What the exercise asks — Below this line is a set of entries; quote exactly the lines from the line that contains "this 1280×574 image." to the line that contains "this 845×633 image.", both lines included.

The data —

--- START ---

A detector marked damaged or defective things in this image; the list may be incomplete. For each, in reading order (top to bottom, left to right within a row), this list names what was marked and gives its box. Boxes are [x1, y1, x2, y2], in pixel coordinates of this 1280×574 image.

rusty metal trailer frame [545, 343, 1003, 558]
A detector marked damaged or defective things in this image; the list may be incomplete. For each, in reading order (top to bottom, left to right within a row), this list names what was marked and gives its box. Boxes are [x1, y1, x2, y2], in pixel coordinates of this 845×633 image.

--- END ---
--- START ---

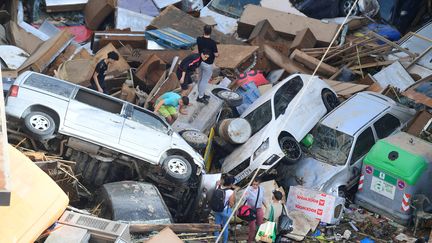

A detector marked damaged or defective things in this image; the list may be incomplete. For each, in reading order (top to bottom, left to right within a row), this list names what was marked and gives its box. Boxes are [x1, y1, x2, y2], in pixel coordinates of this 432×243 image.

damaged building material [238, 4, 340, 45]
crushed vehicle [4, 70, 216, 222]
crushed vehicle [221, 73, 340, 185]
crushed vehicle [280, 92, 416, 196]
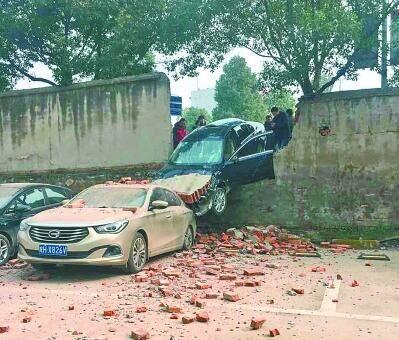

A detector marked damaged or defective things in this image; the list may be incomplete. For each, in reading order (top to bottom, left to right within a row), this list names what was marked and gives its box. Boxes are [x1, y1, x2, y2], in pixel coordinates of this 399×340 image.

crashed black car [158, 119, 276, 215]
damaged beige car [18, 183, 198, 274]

--- END ---
--- START ---

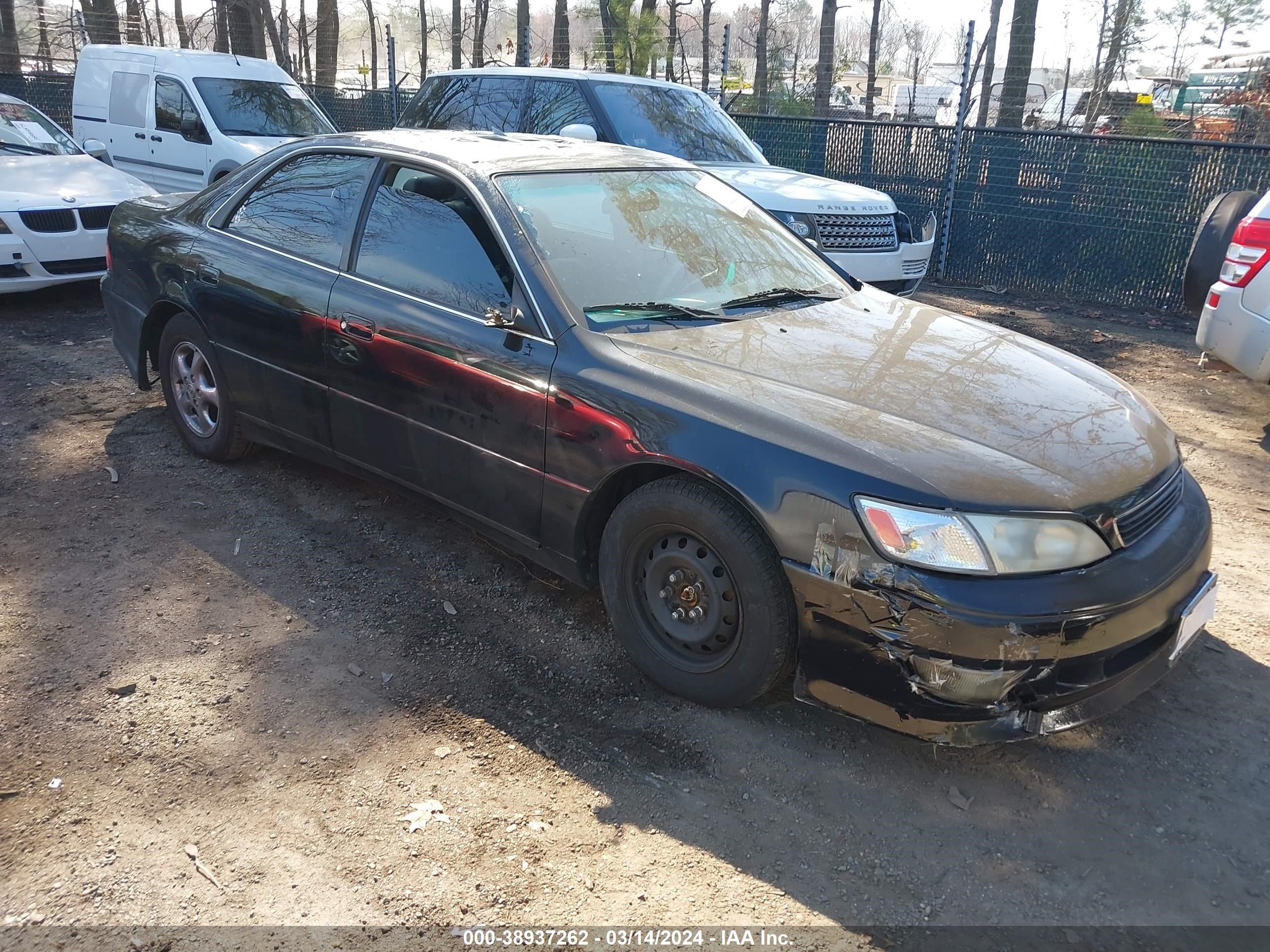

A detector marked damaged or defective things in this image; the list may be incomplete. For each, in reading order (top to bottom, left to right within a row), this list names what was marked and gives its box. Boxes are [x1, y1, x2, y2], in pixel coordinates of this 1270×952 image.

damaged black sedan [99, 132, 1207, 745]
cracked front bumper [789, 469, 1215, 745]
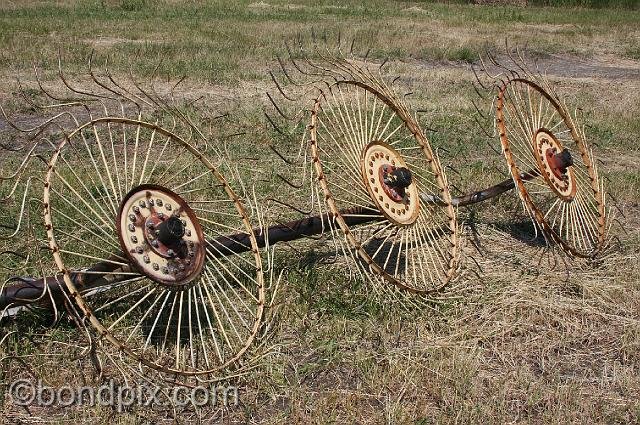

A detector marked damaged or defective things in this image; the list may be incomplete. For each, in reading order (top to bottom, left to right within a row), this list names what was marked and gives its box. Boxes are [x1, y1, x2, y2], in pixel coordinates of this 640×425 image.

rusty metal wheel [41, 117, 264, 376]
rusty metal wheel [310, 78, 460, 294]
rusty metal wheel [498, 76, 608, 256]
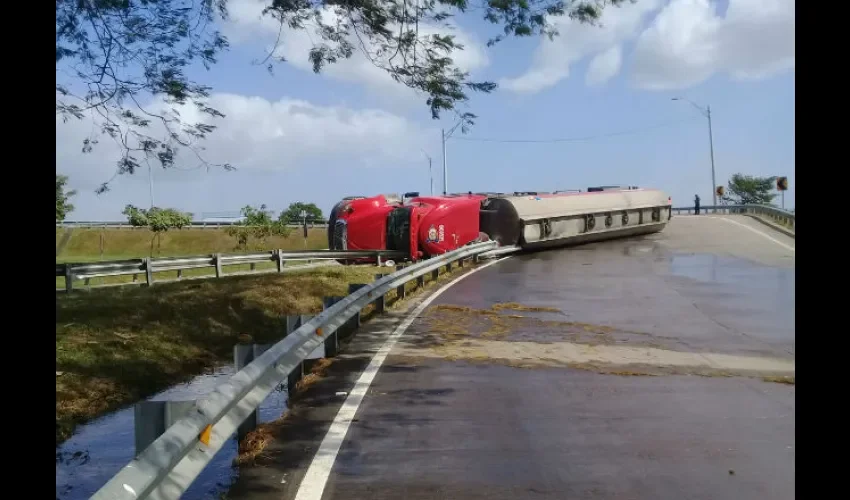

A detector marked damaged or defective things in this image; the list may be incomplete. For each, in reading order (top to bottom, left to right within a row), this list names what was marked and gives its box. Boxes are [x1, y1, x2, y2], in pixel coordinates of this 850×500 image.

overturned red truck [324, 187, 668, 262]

--- END ---

Answer box —
A detector marked damaged or defective things in this image; the list may be incomplete. For each, in reading order (top to bottom, left to right within a row), this list names what was marked and gives its box. Boxes are [x1, y1, x2, y2], in pixel coordinates of this 1280×574 image.

rusty metal trailer frame [545, 343, 1003, 558]
A detector marked damaged or defective things in this image; the list may be incomplete. For each, in reading order (top to bottom, left to right within a row), this list names what was marked and gives its box. Boxes are [x1, y1, x2, y2], in pixel coordinates of this 845×633 image.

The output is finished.